Quirky French offering


Whenever I hear people going on about how much better the world was back in "the good old days", I want to stick them in a time machine and send them back to whatever date they thought was so great.

One of the things I've noticed over the years is that the people in the Western world who bang on about how great things used to be invariably seem to be white, heterosexual men.

You don't often see women, Maori, Pacific Islanders, Asians, Africans, Middle Eastern people, Central Americans, South Americans, people who are gay and people with disabilities pining for the good old days.

And while the economy is a mess and the environment is under seige, I like to think the fact that most people don't want to turn the clock back is a sign of some kind of progress.

Another sign of progress that puts a smile on my face is the way you can now live somewhere like Nelson and still see movies from all over the world.

For example, if you wanted to see a film set in France that is written and directed by a Finn and concerns the issue of illegal immigration from Africa, then you're in luck.

Set in the port city of the same name, Le Havre is a film that should delight fans of quirky, offbeat cinema.

The hero of the piece is a 60-something shoeshine man by the name of Marcel Marx. A former bohemian, Marcel and his devoted wife, Arletty, have a modest lifestyle and live in a small house with their dog, Laika.

Marcel's simple existence gets shaken up when Arletty becomes seriously ill and he meets an illegal immigrant, an African boy named Idrissa.

For reasons that are never explained, Marcel decides to help Idrissa hide from the authorities and then recruits others from the neighbourhood to help.

One thing that quickly becomes clear watching Le Havre, is that writer-director Aki Kaurismaki is a man with a very clear vision of just how his films should look and feel.

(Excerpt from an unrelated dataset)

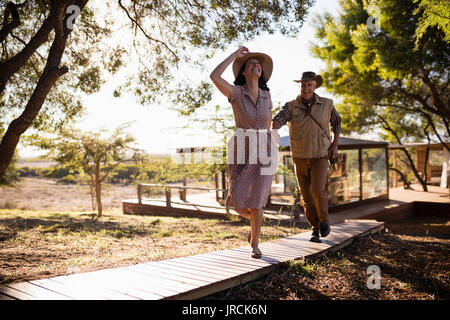 Coppia senior in esecuzione Foto Stock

It is shot in a gloomy pallet and just about everything and everyone in it, with the exception of Idrissa, looks worn out or close to it.

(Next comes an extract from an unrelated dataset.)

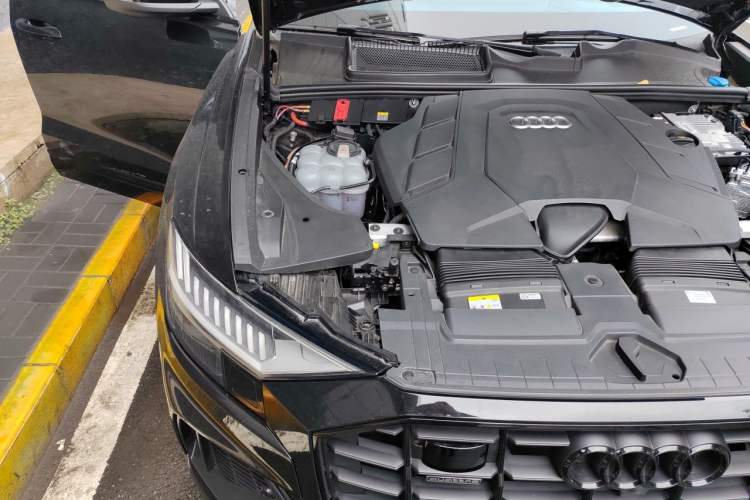 Used Audi Q8 2022 55 TFSI Prestige Dynamic Edition Engine Bay Right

Despite this, it is also full of levity and absurdism that prevents it from ever getting too serious. And while it's theoretically set in the present day, the way characters dress, the places they hang out and the cars they drive, give the impression of it almost happening in an imaginary time where people have cell phones but dress like characters in a Tintin book.

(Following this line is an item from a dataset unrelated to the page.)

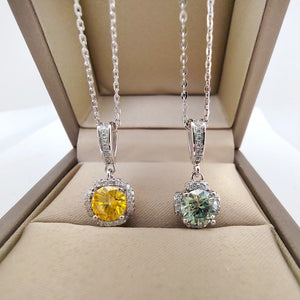 Certified 1.0 Ctw Multi-Colored Round Brilliant VVS Diamond Necklace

Storywise, it has to be said, there is not a lot going on. At one stage I even wondered if Kaurismaki was getting his actors to occasionally stare into space for no apparent reason to pad out the running time.

Despite the staring and the quirkier moments, all the actors do a top job and manage to create surprisingly convincing and appealing characters. One reason for this may be the refreshing amount of affection they express for one another.

The neighbourhood Le Havre is set in may not be flash, but the locals clearly like each other, which makes it easy for the audience to like them too.

Bottom line: Absurdist and slight yet satisfying.